Both McCain, Obama exaggerating Iran's nuclear program
The presumptive Republican nominee for president and the leading contender for the Democratic nomination are exaggerating what's known about Iran's nuclear program as they duel over how best to deal with Tehran.
Sens. John McCain (R-AZ) and Barack Obama (D-IL) say that Iran is developing nuclear weapons.
The US intelligence community, however, thinks that Iran halted an effort to build a nuclear warhead in mid-2003, and the UN International Atomic Energy Agency, which is investigating the program, has found no evidence to date of an active Iranian nuclear-weapons project.
The candidates' comments raise questions about how carefully the two have studied the public record on what's become a major campaign issue and is one of the most difficult foreign-policy challenges likely to confront the next president.
The issue is also significant because the Bush administration inflated assessments of the Iraqi nuclear threat and the possibility that former dictator Saddam Hussein could pass nuclear weapons to terrorists as it sought to whip up public support for the March 2003 invasion of Iraq.
Iran, whose known enrichment facilities are under IAEA monitoring, says it's making low-enriched uranium reactor fuel and has no intention of developing weapons.

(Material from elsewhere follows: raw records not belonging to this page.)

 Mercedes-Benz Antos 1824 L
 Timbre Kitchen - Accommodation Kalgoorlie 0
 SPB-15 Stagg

In a major speech on June 2 to a powerful Jewish American lobbying group, McCain asserted that Iran is actively developing nuclear weapons that threaten the security of Israel and could be passed to terrorist groups.
Israel, however, is thought to have a significant nuclear arsenal of its own, and an Iranian nuclear attack on Israel would invite a devastating nuclear counterstrike.

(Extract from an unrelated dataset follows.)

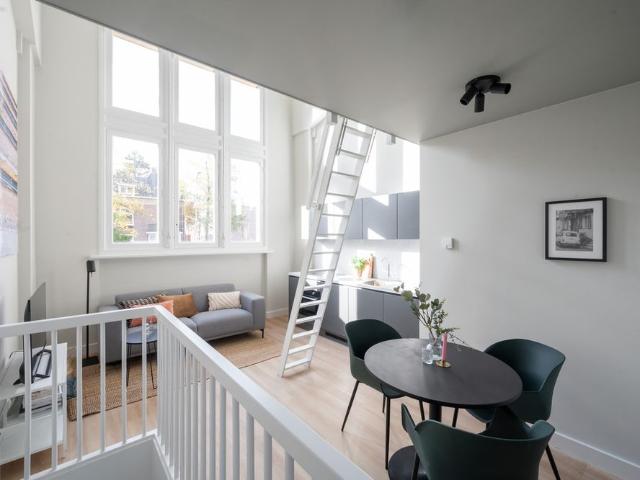 Appartement te huur in Nijmegen, Nijmegen-Oost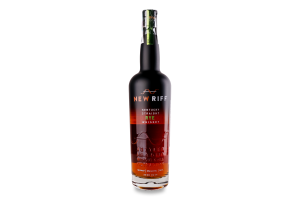 Віскі New Riff Bottled-in-Bond KentuckyStraightRye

"Iran is stronger now than when George Bush took office," Obama said. "And the fact that we have not talked to them means that they have been developing nuclear weapons."
The 16 agency-strong US intelligence community said last November in an unclassified National Intelligence Estimate that it concluded with "high confidence" that Iran had halted an effort to develop a nuclear weapon in fall 2003.